TASK INSTRUCTIONS
Quote the lines of the data below verbatim, beginning at the line that contains "EUROSPRAY AC705 BARVA" and ending at the last line, both included, and excluding pictures.

DATA
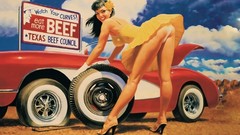 Yellow roses Texas Yellow Rose deserts pinups Greg Hildebrandt 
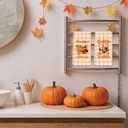 Thanksgiving Kitchen Towels, Funny Thanksgiving Kitchen Bathroom Decor, Thankful and Blessed Hand Towels, Cute Turkey Gobble Til You Wobble Gifts for Women Men Sister Mom Wife Friends Coworkers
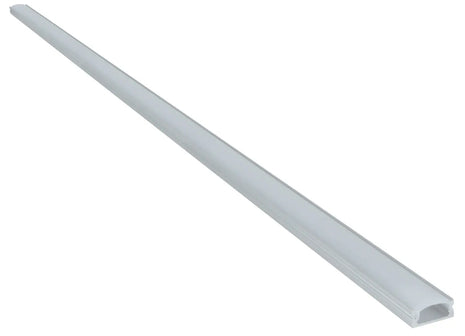 LYYT Aluminium LED Tape Profile Short Crown 1m Frosted LYYT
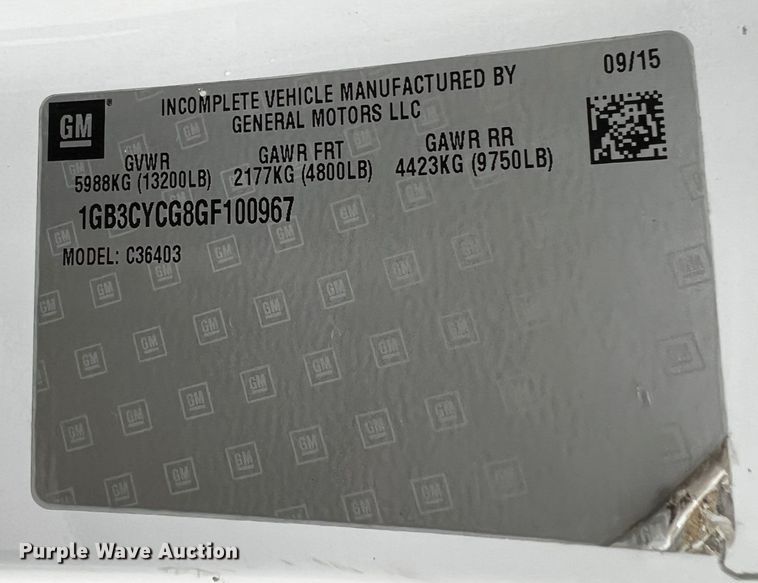 image for item DQ1954 2016 Chevrolet Silverado 3500HD  flatbed pickup truck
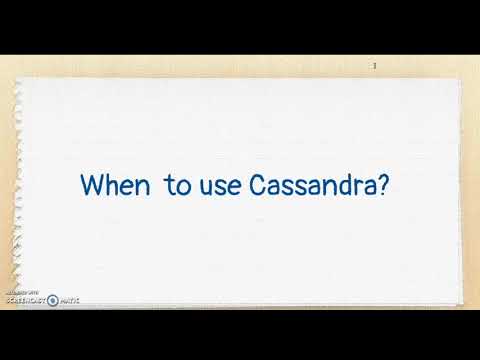 Apache Cassandra in 2 hours - learn Apache Cassandra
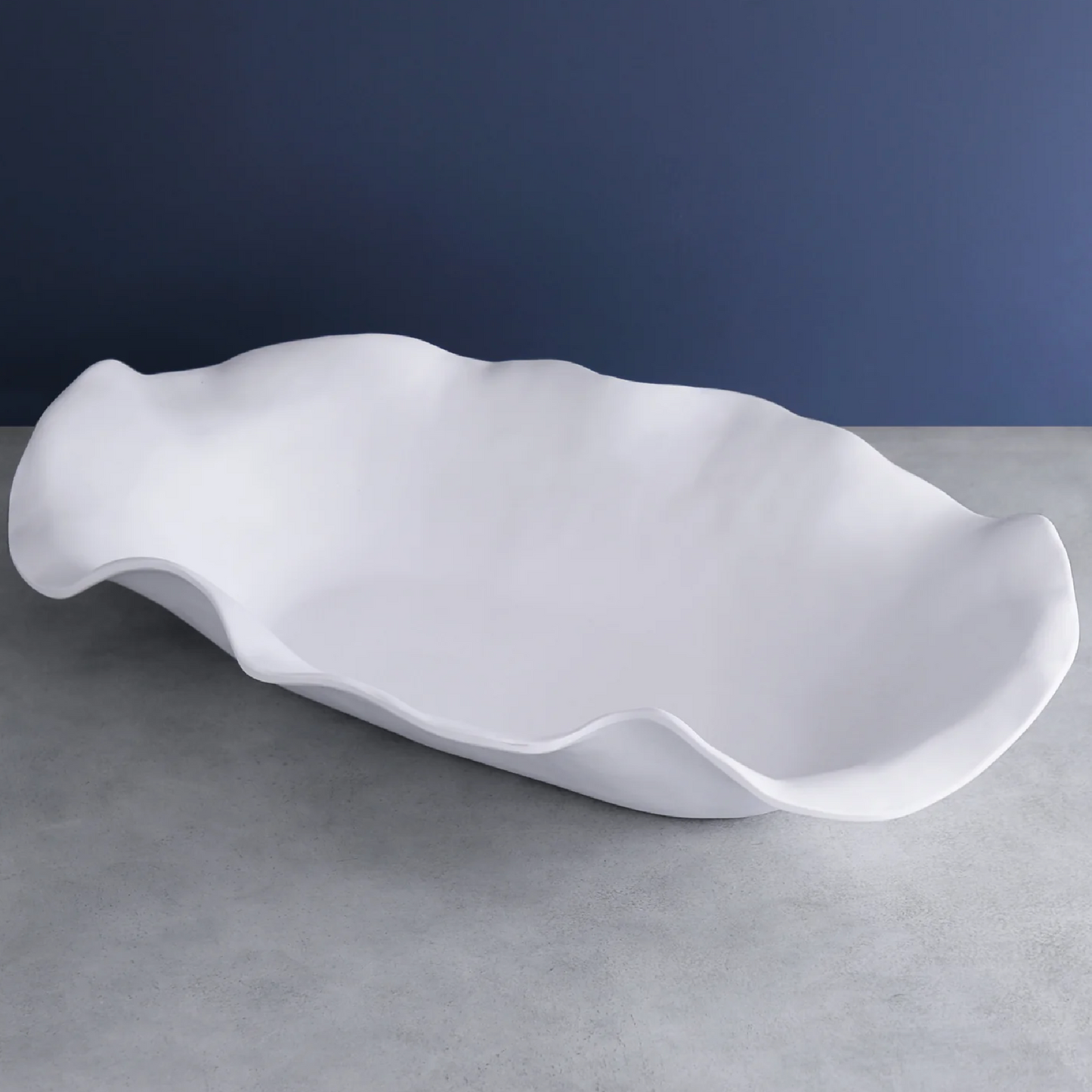 Vida Nube Extra Large Oval Centerpiece White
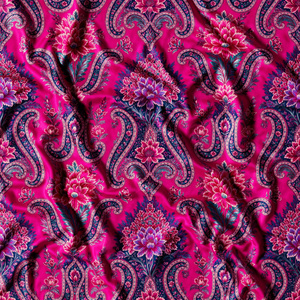 Tissu Popeline Floqué 100% Coton 73GSM Léger, Motifs Floraux Personnalisés Imprimés Numériquement, Style Années 80, Idéal pour Robes – Designs Personnalisés Acceptés - Product Image 2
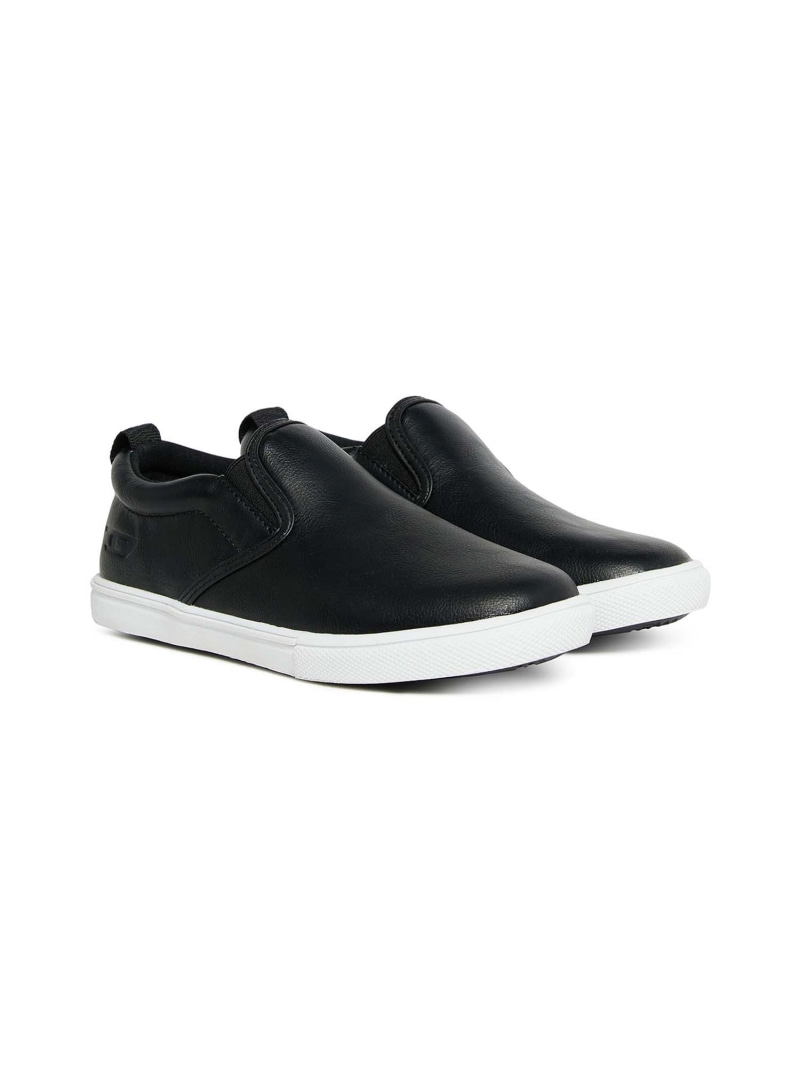 【SALE／56%OFF】DIESEL DIESEL ディーゼル Kids & Junior ワンポイントロゴスリッポンスニーカー シフォン シューズ・靴 スニーカー ブラック【RBA_E】【送料無料】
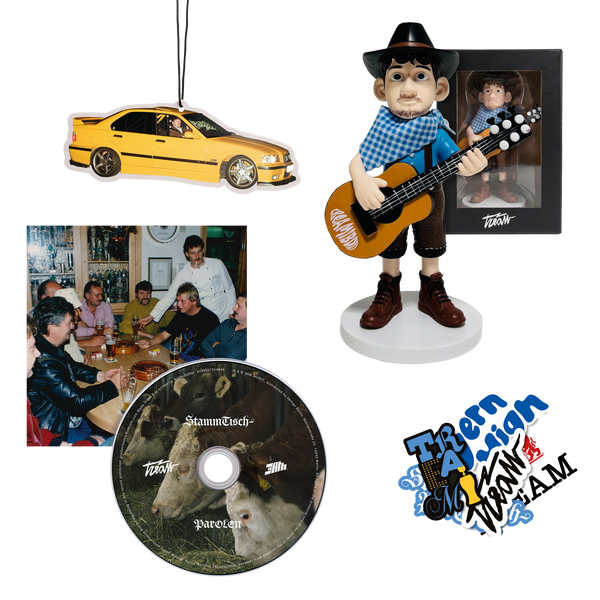 Tream - STAMMTISCHPAROLEN (CD + Wackelfigur +  Duftbaum + Sticker)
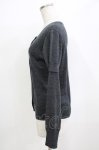 画像2: Jane Marple / クラウン刺繍のレイヤード風カーディガン  グレー H-26-01-14-070-JM-TO-KB-ZH (2)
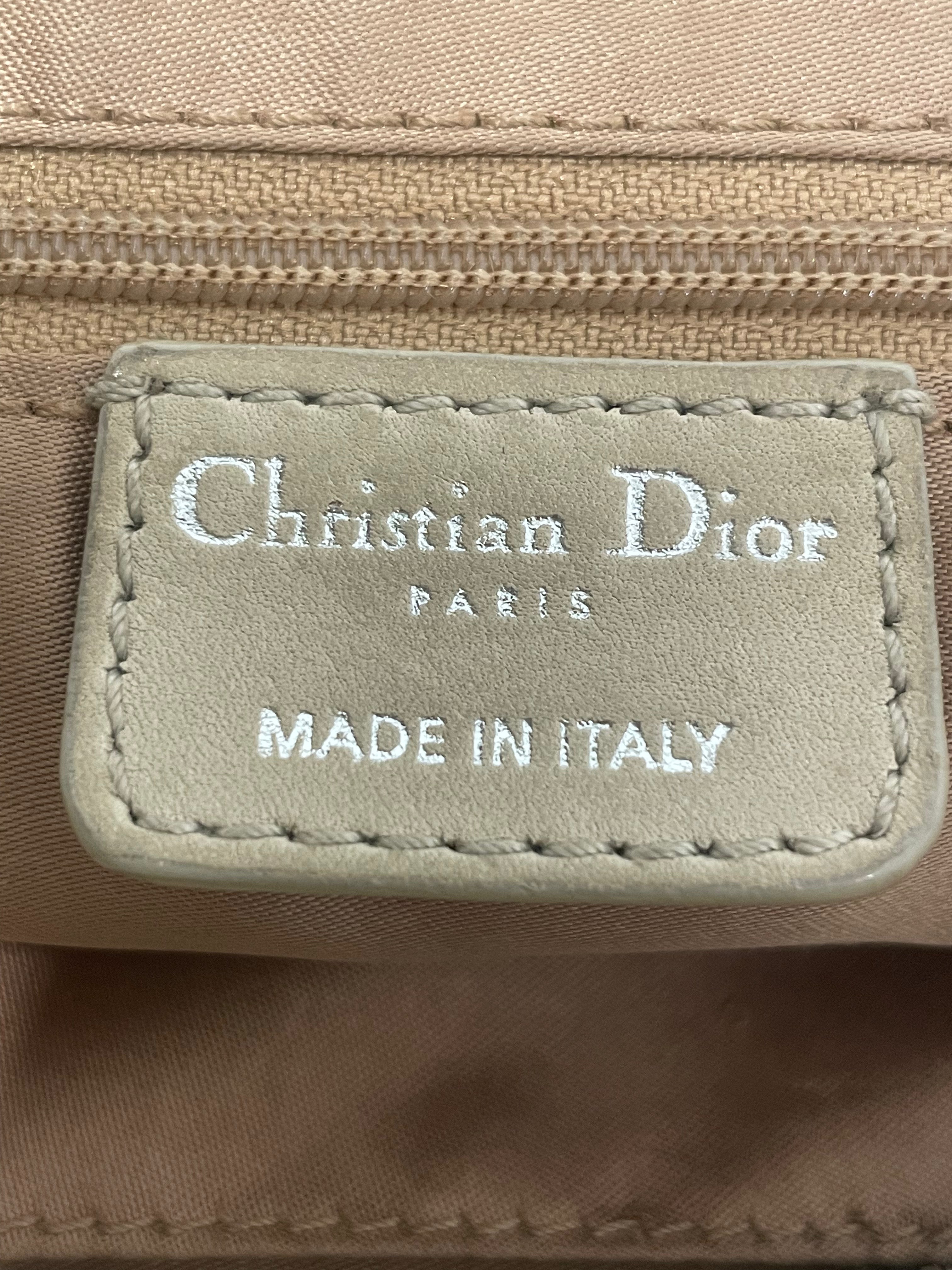 Christian Dior/Vintage/Hand Bag/Leather/CRM/RUFFLE SHOULDER view 4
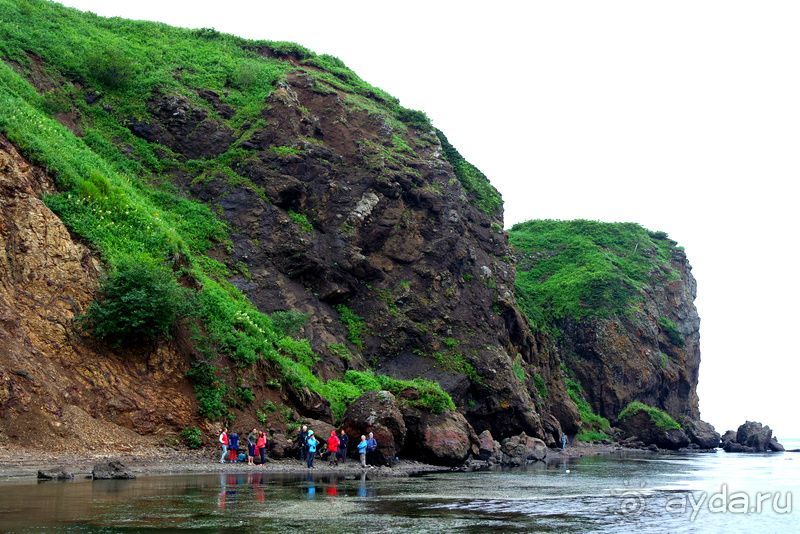 Бухта  Тихая. Восточный берег Сахалина.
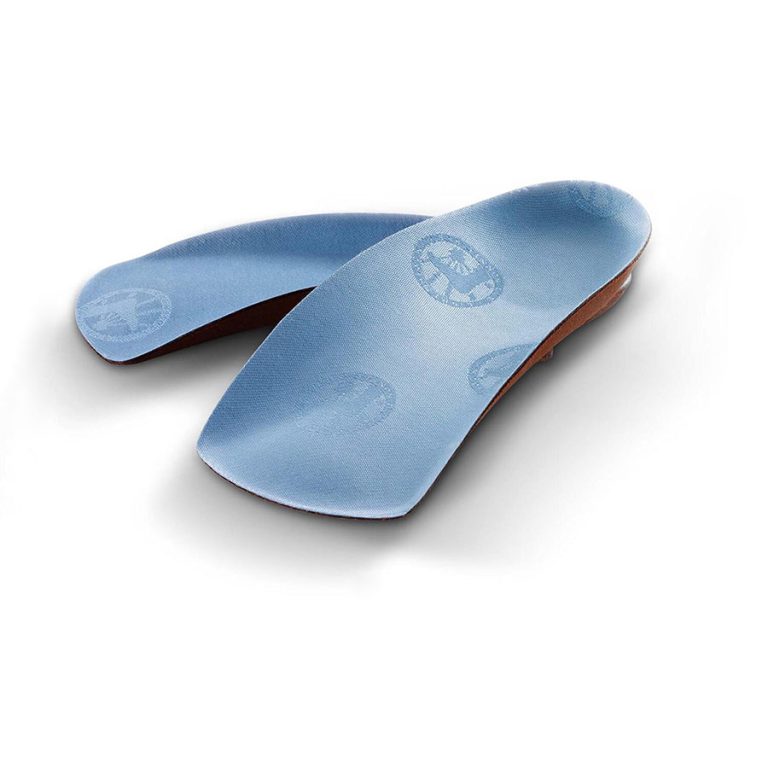 Birkenstock Blue Footbed Footworks Help for Plantar Fasciitis and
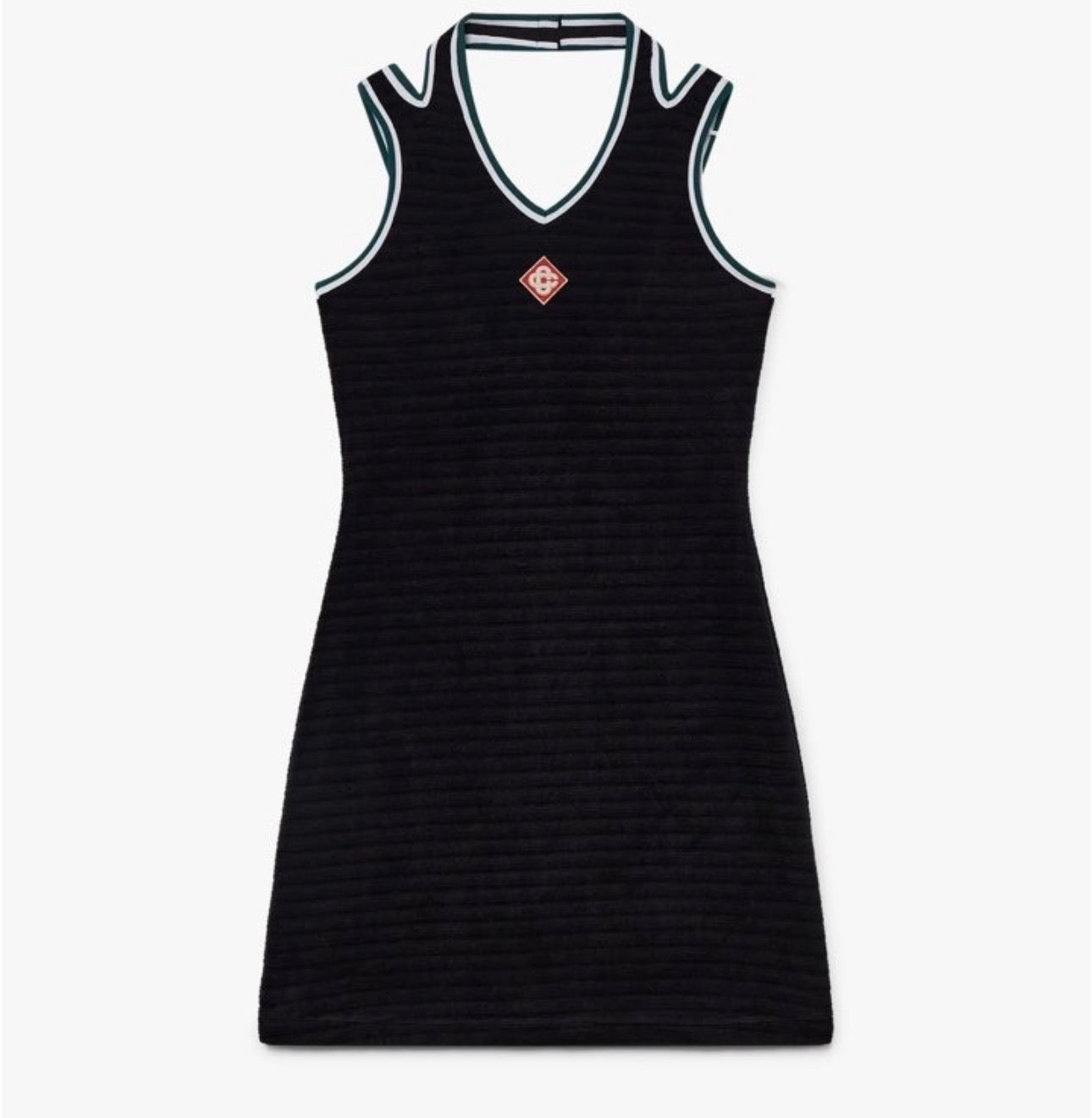 Robe Tennis en velours texturé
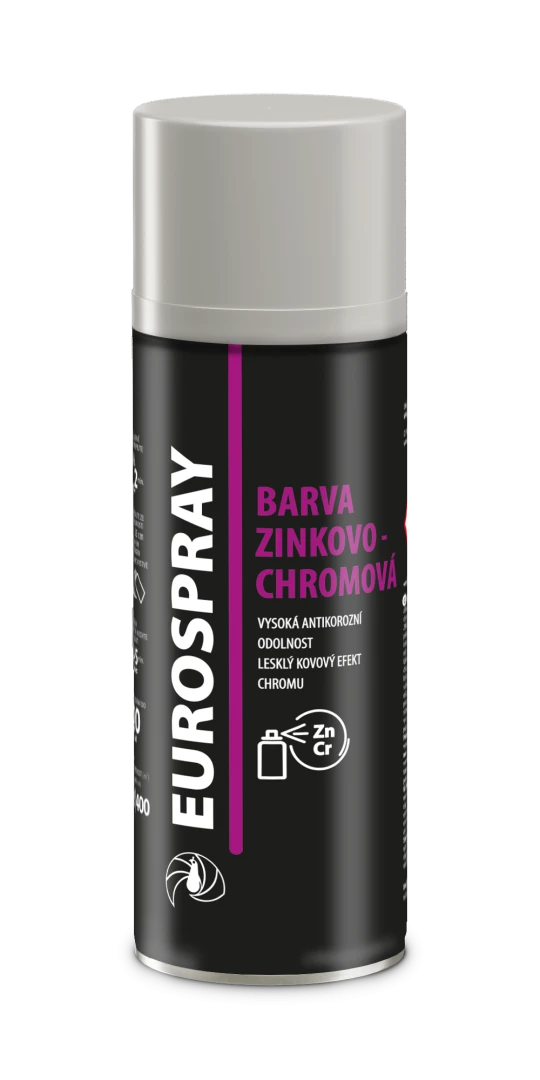 EUROSPRAY AC705 BARVA ZINKOVO-CHROMOVÁ 3v1, antikorózny sprej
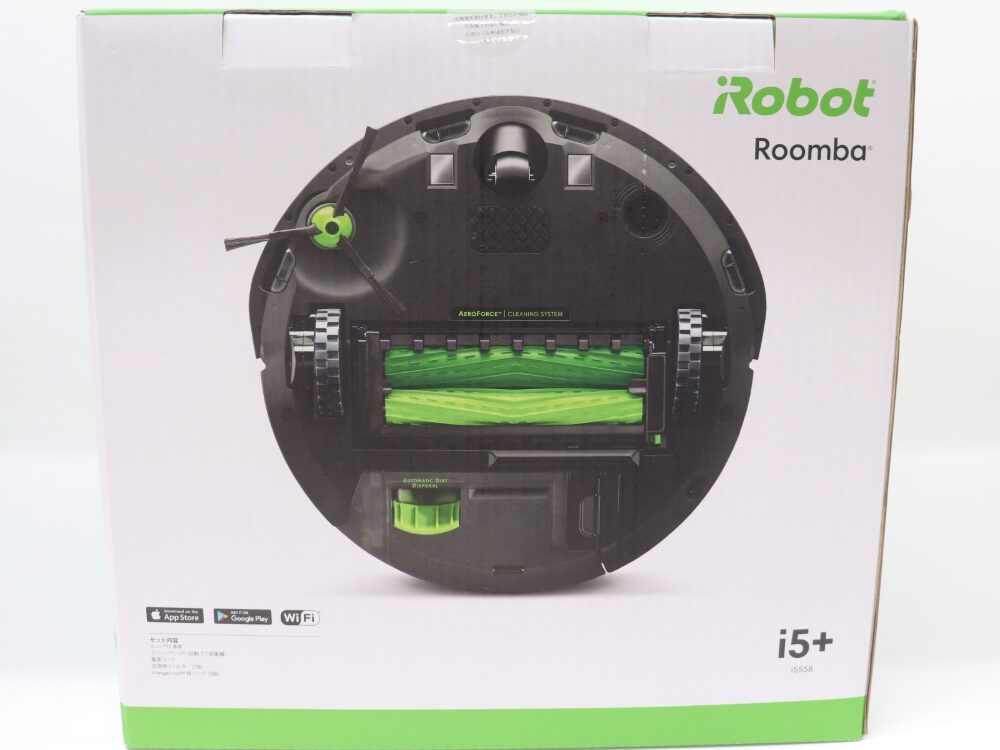 新品のアイロボットルンバi5背面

ANSWER FOR THIS EXERCISE
 EUROSPRAY AC705 BARVA ZINKOVO-CHROMOVÁ 3v1, antikorózny sprej
 新品のアイロボットルンバi5背面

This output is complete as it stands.